Selama ini saya selalu tinggal di kota, walaupun di kota yang tidak terlalu besar tapi tetap namanya kota. Hidup di kota semua serba ada dan serba dimudahkan jika dibandingkan hidup di desa. Ketika desa masih gelap belum ada listrik, di kota sudah terang benderang karena lampu yang berpendar di malam hari. Tetapi, saya pernah cukup lama mengalami kehidupan berteman gelap di tengah kota.
Karena
usaha ayah saya bangkrut, maka kami harus menjual rumah dan pindah ke rumah
kontrakan yang murah. Rumah yang semula berdinding tembok, kokoh dan kuat,
berubah hanya dinding papan yang sederhana. Yang semula selalu terang karena
ada listrik, berubah jadi remang-remang karena cuma mengandalkan lampu minyak.
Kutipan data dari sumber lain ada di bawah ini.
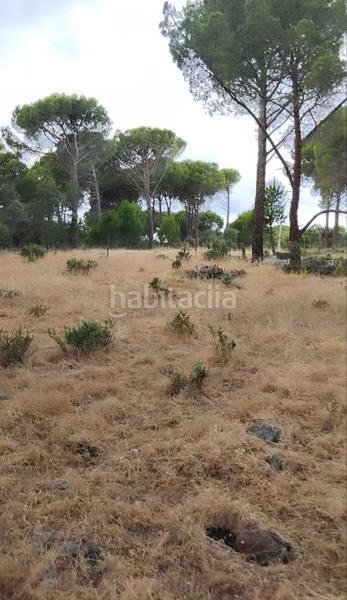 Foto c17bbaab-bc48-4c54-b6e8-87ac6772cb41. Finca rústica a Adrada (La)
Hanya rumah para tetangga saja yang terang benderang.
Lampu
ini menggunakan minyak tanah sebagai bahan bakarnya. Di dalam penutup kaca, ada
sumbu yang dapat dinaikturunkan untuk mengatur nyala apinya. Di bawah lampu
minyak itulah saya melakukan kegiatan belajar setiap malam. Kadang harus rajin
mengatur sumbunya agar dapat penerangan yang sempurna. Kalau terlalu besar akan
mengeluarkan jelaga dan mengotori kemana-mana.
Menjelang
tidur, lampu ini juga yang akan menemani. Sumbunya kukecilkan, lalu diberi
penghalang kertas tebal yang diselipkan di kacanya. Jadi, sama sekali tidak
harus dimatikan, masih terang tapi tidak menyilaukan mata. Saya jarang
mematikan lampu ini selama tidur, karena takut kegelapan di rumah yang masih
asing seperti ini.
Pernah
saat bangun tidur, saya ditertawakan karena keluar kamar dengan wajah seperti
pantat kuali, terutama di seputar hidung yang menghisap jelaga. Rupanya, sumbu
lampu lupa dikecilkan sehingga jelaga memenuhi seluruh ruangan kamar, sepanjang
malam. Semua barang di kamarpun jadi serba hitam perlu segera dibersihkan.
Bertahun-tahun
akrab dengan lampu minyak, saya pun akrab sekali dengan kegiatan membesarkan
dan mengecilkan sumbu di masa lalu. Tidak diperlukan keahlian, cuma perasaan
ikut berperan dalam mengatur besaran api di dalam lampu agar nyalanya sesuai
dengan yang kita inginkan. Dalam hidup, kegiatan layaknya mengatur lampu minyak
ternyata masih kuperlukan, terutama untuk mengendalikan diri sendiri.
Mengendalikan
diri terhadap kemarahan atau kekecewaan yang besar kecilnya, tergantung apakah
ia dibesarkan atau dikecilkan. Pernah suatu hari istri saya lupa memasukkan
obat yang setiap pagi harus saya konsumsi ke dalam tas bepergian ke luar kota,
lalu saya marah besar. Yang penting saja lupa, apalagi kalau hanya sekedar
sikat, odol, sisir dan barang-barang kecil lainnya.
Perasaan
diabaikan dan diremehkan itulah yang kemudian saya pikirkan. Dan semakin saya
pikirkan semakin menjadi sumber persoalan. Saat ini saja saya sudah punya
alasan kuat untuk marah habis-habisan karena obat itu penting, obat penurun
darah tinggi. Padahal cukup hanya dengan masakan kurang garam, bisa menjadi
alasan saya untuk marah dan kecewa.
Seperti
teknik membesarkan dan mengecilkan lampu minyak, sebesar apapun alasannya,
kemarahan tetap bisa dikecilkan. Akan dapat diselesaikan dengan cara sederhana
yaitu dengan menganggapnya persoalan kecil. Persoalan obat tadi bisa diatasi
dengan beli obat lagi di apotik, apa susahnya. Ketika masakan istri kurang
garam, juga cuma tinggal ditambah garam lagi, apa sulitnya.
Jadi,
semua kemarahan atau kekecewaan yang kita hadapi setiap hari sesungguhnya dapat
kita atur, persis seperti mengatur lampu minyak. Untung saya dulu biasa
memakainya.
Salam SUKSES,
HIDUP LUAR BIASA.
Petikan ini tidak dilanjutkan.